The PIF agenda will also push for the Indonesian government to make good on its invitation to the UN Human Rights Commissioner to visit West Papua, with a deadline for a report set before the next PIF Leaders Meeting in 2020.
Pacific Island leaders are also keen to focus heavily on climate change rather than China when they meet next week, reports AFP.
Despite China’s growing influence in the region which has seen strong political response from both Australia and the US, Pacific Island leaders have insisted that such geopolitical concerns should not eclipse the more pressing issue of climate change.
PIF secretary-general Dame Meg Taylor said the forum, which is referred to as the Blue Pacific collective, was at a pivotal moment in its history.
“While we are the subject of the geopolitical manoeuvring and strategies of others, the Blue Pacific collective remains focused on charting our own destiny,” she said.
In a message to Australia’s government, Tuvalu Prime Minister Enele Sopoaga has warned Canberra’s step-up strategy will fail unless it finally takes meaningful action to address the issue.

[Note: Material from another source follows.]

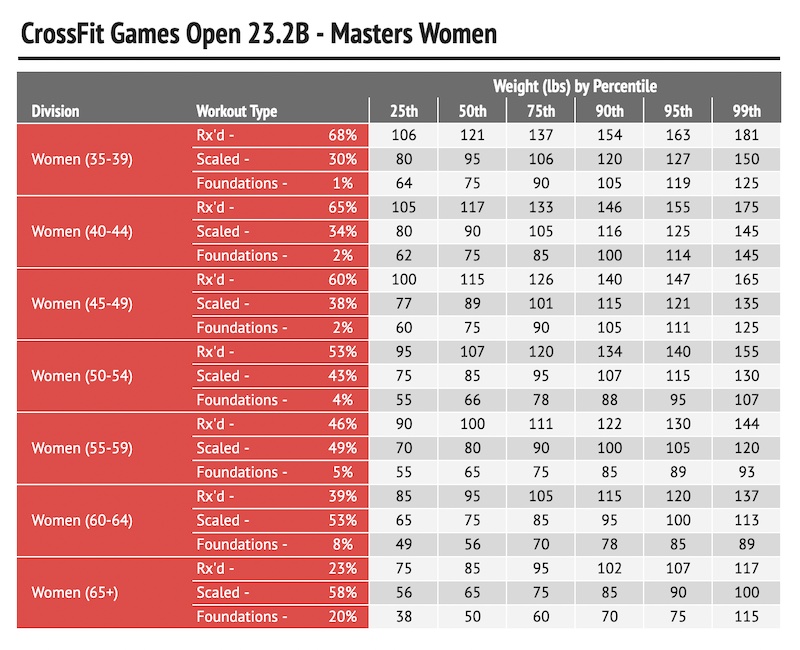 23.2B Masters Women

“They know very well that we will not be happy as a partner, to move forward, unless they are serious,” he said.
This follows the Pacific leaders declaration of a climate crisis last week with Fiji’s Prime Minster Voreqe Bainimarama saying that the region needed greater commitments from its bigger neighbours, hinting at Australia and New Zealand.
At last year’s forum, Australia was exposed as having attempted to water-down a resolution that declared climate change the region’s greatest security threat.
“We shouldn’t accept anything less than concrete commitments to curb greenhouse gas emissions in line with the most ambitious aspirations of the Paris Agreement,” Bainimarama said.
“We cannot allow climate commitments to be watered down at a meeting hosted in a nation whose very existence is threatened by the rising waters lapping at its shores.”
The PIF will will be held on August 13-16.